Unfortunately, the media is hopelessly shallow and/or agenda driven, to acknowledge and dissect, what is going on here in the cultural debate; additionally, our public education system is hopelessly incapable, and for the most part unwilling, to teach the necessity of integrity in public discourse. Therefore, the entire colloquy continues, incessantly, devoid of the very foundational prerequisites of honest debate, ie., logic, veracity and authenticity. The entire exercise is based on a lie.

What is going on is blatent religious discrimination against one sector, Christians.

Many, in the religious community, fail to stand up against this discrimination because, in a sense, they have accepted the premise. Part of the blame must be attributed to the Church itself, in that, its own attempts at catechesis have been inexplicably narrow in terms of how it defines "faith." Faith, is not believing some set of ideas, for which there is no empirical evidence!

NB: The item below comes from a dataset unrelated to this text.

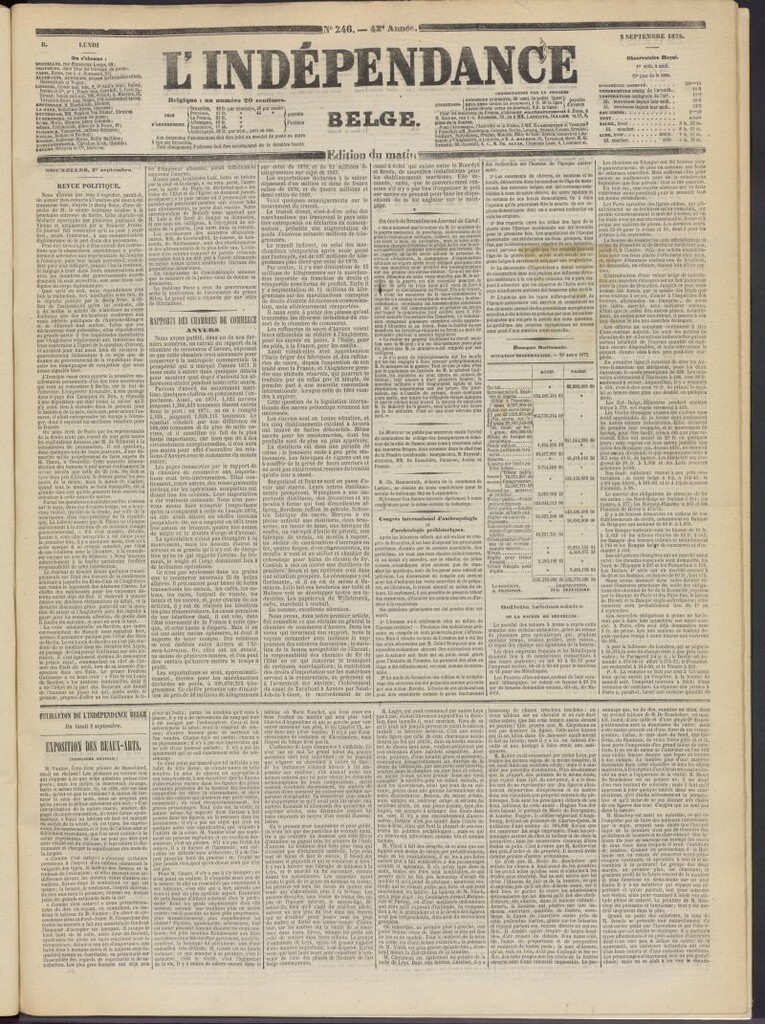 Miniatura de L´Indépendance Belge del 2 de septiembre de 1872, nº 246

Faith, is the actuating, underlying reality, which allows us to operate intellectually, psychologically, volitionally, even physically.

Perhaps every Christian should read the Christian existentialist, Paul Tillich's book, "The Dynamics of Faith." In a few pages it completely changes one's paradigm in regard to what "faith" is.

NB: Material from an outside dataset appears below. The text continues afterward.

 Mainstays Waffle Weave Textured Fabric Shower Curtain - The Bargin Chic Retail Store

Tillich's explantion comes much closer to the true nature of "faith" than what is taught in most churches.

As Gappa describes it in his article, "faith" is simply the framework through which one views reality. An atheist makes certain presumptions upon which he bases all the rest of his opinions, including those made in the public arena. Notwithstanding the fact that individuals may never acknowledge or investigate their own existential presumptions, never the less, their lives are lived in obedience to them.

If one had no "framework" through which to view reality, he would be a completely disintegrated personality. We call degrees of that, mental illness; we call a complete lack of such a structure, insanity.

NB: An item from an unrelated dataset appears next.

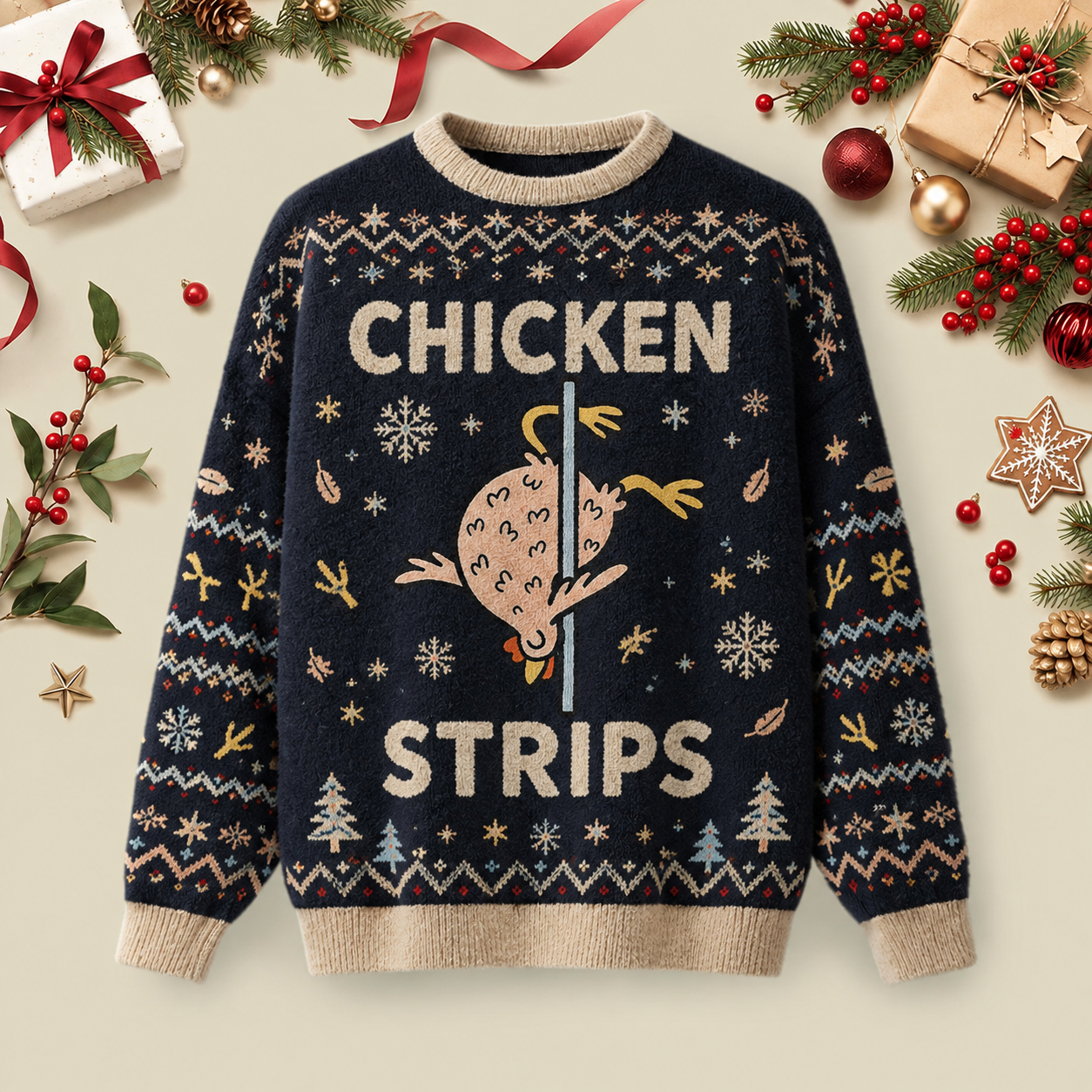 Chicken Strips Meme Ugly Christmas Fluffy Sweatershirt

So, whether one believes there is no God, or whether he is operating on Pascal's wager, or, whether he is existentially committed to the, "Thou," his framework of "faith" will inevitably shape his opinions as he participates in the "public square."

The acknowledgement of this embarrassingly simple fact is almost entirely absent from our consciousness. In practice, what this amounts to, is barring the Christian point of view from the discussion. It is a lie and it is sinister. For public schools, the media, the judiciary and any other public institution to inculcate this view is unconscionable.

Christians must first take upon themselves the self-reflective task to examine the nature of "faith" itself, then, we must courageously engage the battle to restore our rightful place in the "public square."

It appears The Christian Institute in the UK has engaged the battle, against Google!